Baby blues : l’actrice française Audrey Fleurot se confie sur la maladie dont elle a souffert

Publié le 23 Mai 2018 à 11h43 par Rédaction Medisite
Interviewée par Le Huff Post l'actrice Audrey Fleurot à l'affiche du film "Fête des mères", de Marie-Castille Mention-Schaar s'est confiée sans tabou sur sa période de dépression post-natale après la naissance de son fils.

© AFPEn promotion pour le film "fête des mères" dont elle est l'une des têtes d'affiches, Audrey Fleurot incarne une femme Présidente de la République et jeune maman qui rencontre des difficultés avec son nouveau né.
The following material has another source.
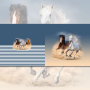 Katoenjersey Malomi paneel paarden 150 x 65 cm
Un rôle pour lequel l'actrice a pu s'inspirer de sa propre exépérience car elle aussi a été victime de doutes après la naissance de son fils Lou et se confie sans tabou sur un mal-être qui lui l'est encore et qui touche pourtant beaucoup de femmes : la dépression post-partum.

"Si on m'avait dit plus tôt que ce n'était pas de ma faute"

"Il se trouve que moi, après avoir énormément désiré mon fils, j'ai fait ce qu'on appelle un gros babyblues", a-t-elle avoué lors d'une interview pour le Huff Post. Selon l'actrice, si elle a été victime de cette forme de dépression c'est avant tout parce que son emploi du temps ne lui a pas permis de se préparer correctement à l'arrivée de l'enfant "neuf mois c'est le temps que ça prend pour se faire à l'idée. Et comme je n'ai pas eu le temps d'en profiter, je pense que ça m'a pris les neufs mois qui ont suivi", ajoute Audrey Fleurot pour l e Huff Post.

Le baby blues est une dépression fréquente, survenant dans les 3 à 10 jours qui suivent l'accouchement. Généralement elle est brève et ne dure quelques jours. La cause de cet état psychologique est liée au contre coups de la grossesse et de l'accouchement qui épuise la jeune maman mais surtout à la chute brutale des concentrations en ostreogènes et progestérone dans les quelques heures qui suivent l'expulsion du placenta. Un détail physiologique qu'Audrey Fleurot ignorait expliquant la longue durée de son baby-blues. "Si on m'avait plus tôt que ce n'était pas de ma faute, que c'était un coup des hormones, que je n'y pouvais rien et qu'il fallait que je prenne un traitement pour me recadrer, j'aurais perdu moins de temps", a-t-elle avoué à nos confrères journalistes.